Chole Masala - a delicious chickpea curry from the North of India.
Chana Spice Mix
- 3 ½ tsp coriander powder
- ¾ tsp ginger powder
- ¾ tsp red chili powder
- ½ tsp garam masala
- 2 tsp pomegranate seed powder Anar Dana
- ¼ tsp turmeric powder
- ½ tsp cumin powder
- 200 gms - 1 cup dried chickpeas soaked overnight and drained
- 1 cinnamon stick
- 3 cloves
- 1 black cardamom
- 2 tea bags
- 2 tsp salt
- ½ tsp baking soda
- Chana Spice Mix
- 2 tbsp hot melted ghee to cook the spices
- Cooked chole from above
- 4 - 6 tbsp Vegetable Oil
- 1 onion finely chopped
- 2.5 cm – 1 inch ginger slices
- 2 green chilies
- ¼ cup yogurt
- 1 tbsp tomato puree
- ½ tsp ginger paste
- ½ tsp garlic paste
- ½ tsp dried fenugreek leaves Kasuri Methi
- ½ cup water
- Fresh coriander leaves
- Finely chopped red onions
- Lime/lemon juice
Pressure cook the chickpeas together with the cinnamon stick, salt, cloves, black cardamom, tea bags and baking soda. Using tea and baking soda will make your chickpeas moist, delicious and as dark as the chole you get at the restaurant!

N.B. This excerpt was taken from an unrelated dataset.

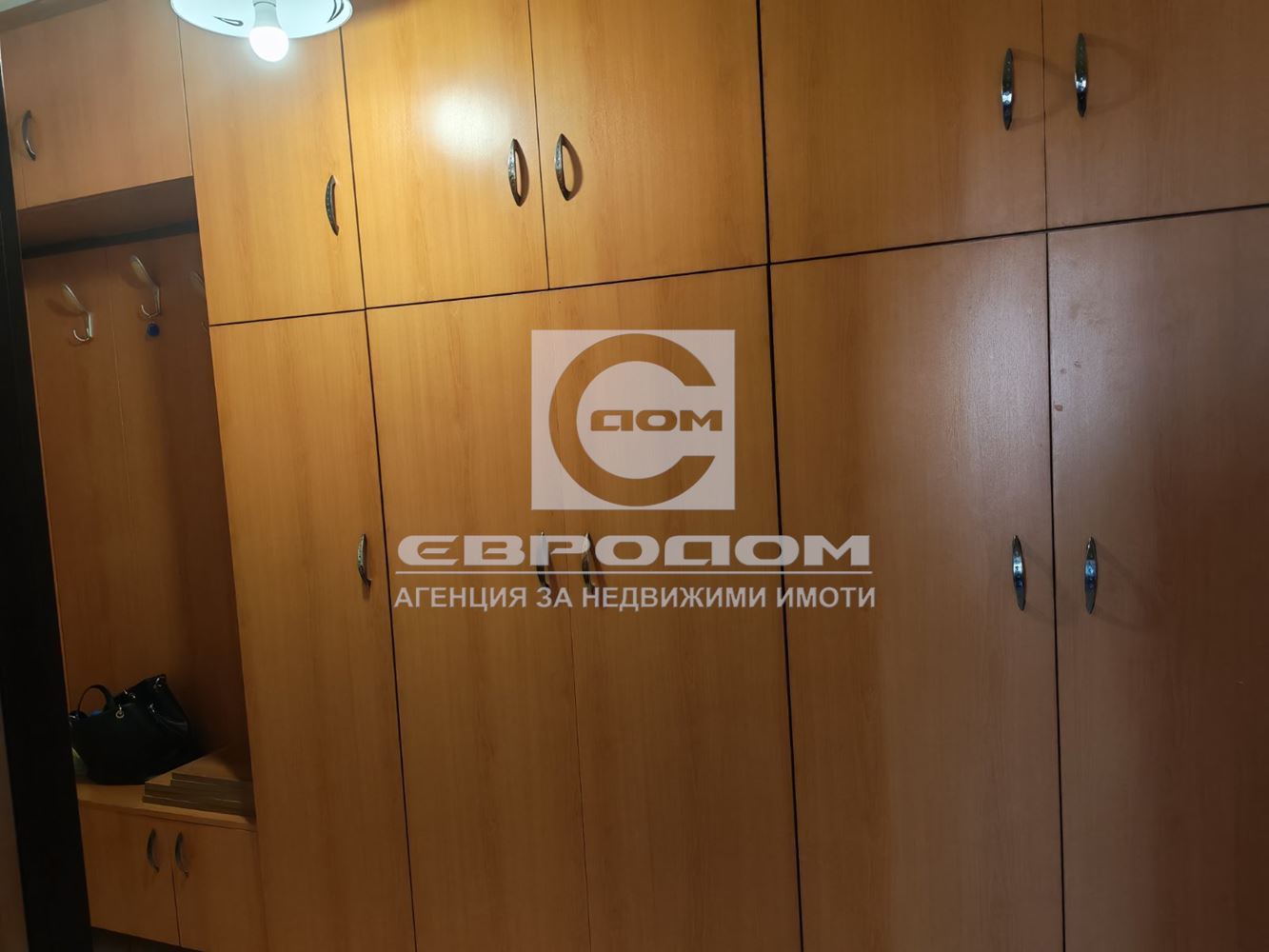 Под наем тристаен до МОЛ Галерия - 0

Pressure cook them for 5 whistles on a low flame.
When the pressure cooker has depressurised, open it and transfer the chickpeas into a large bowl.
Sprinkle the Chana Spice Mix on the top, gently mix the spices with the chickpeas, then pour the hot melted ghee all over the mixture to cook off the spices.
Heat up the oil in a pot. Add the chopped onions and cook them until brown.
Add the yogurt and cook it well for about 5 minutes.
Add the ginger and garlic pastes and mix well. Then add the tomato puree and cook it until the oil starts to separate.
Add the water and turn the flame to the minimum. As soon as it starts to boil, add the Chole to it and mix gently. Add the sliced ginger, slit green chillies and dried fenugreek leaves.
Cook for 10 minutes on a very low flame.
Mix together the chopped onion, a pinch of salt and some lemon/lime juice and stir this mixture through.
Serve with coriander leaves and hot bhatura!